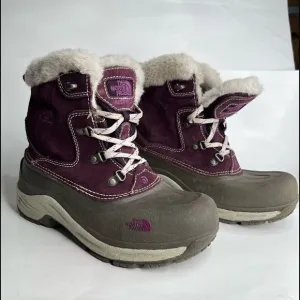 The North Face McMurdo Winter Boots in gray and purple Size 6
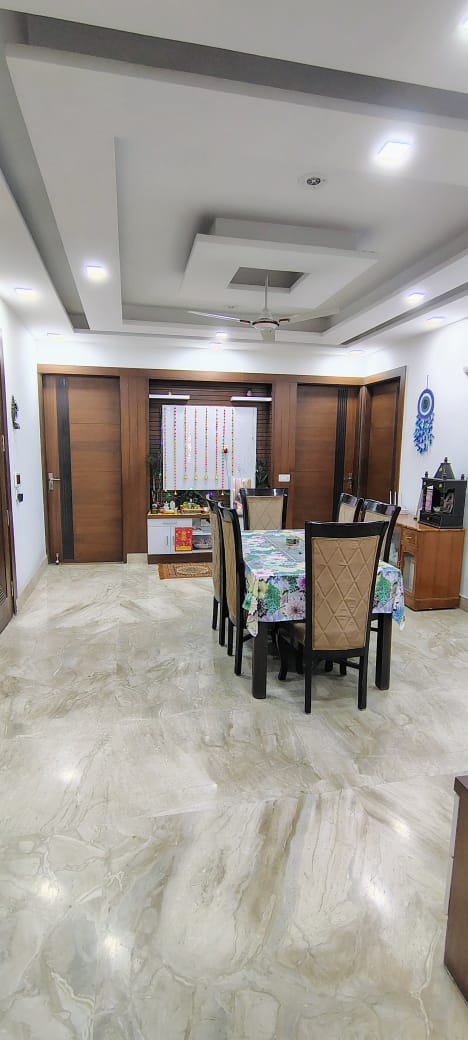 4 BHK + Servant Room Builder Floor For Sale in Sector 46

- - - -

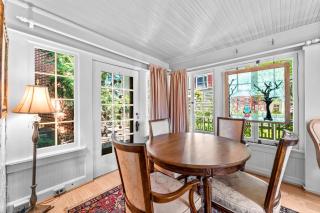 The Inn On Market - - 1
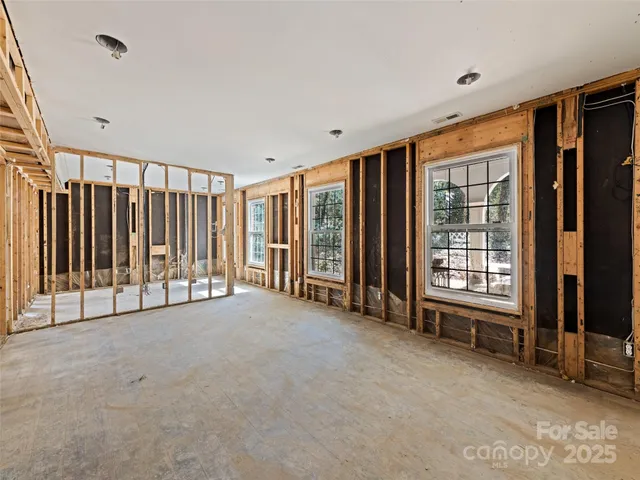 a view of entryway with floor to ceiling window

- - - -

* Task requirements
Copy only what runs above from the line containing "The Inn On Market - - 1" through the line containing "a view of entryway", exactly. Leave out the pictures.

* Exercise result
 The Inn On Market - - 1
 a view of entryway with floor to ceiling window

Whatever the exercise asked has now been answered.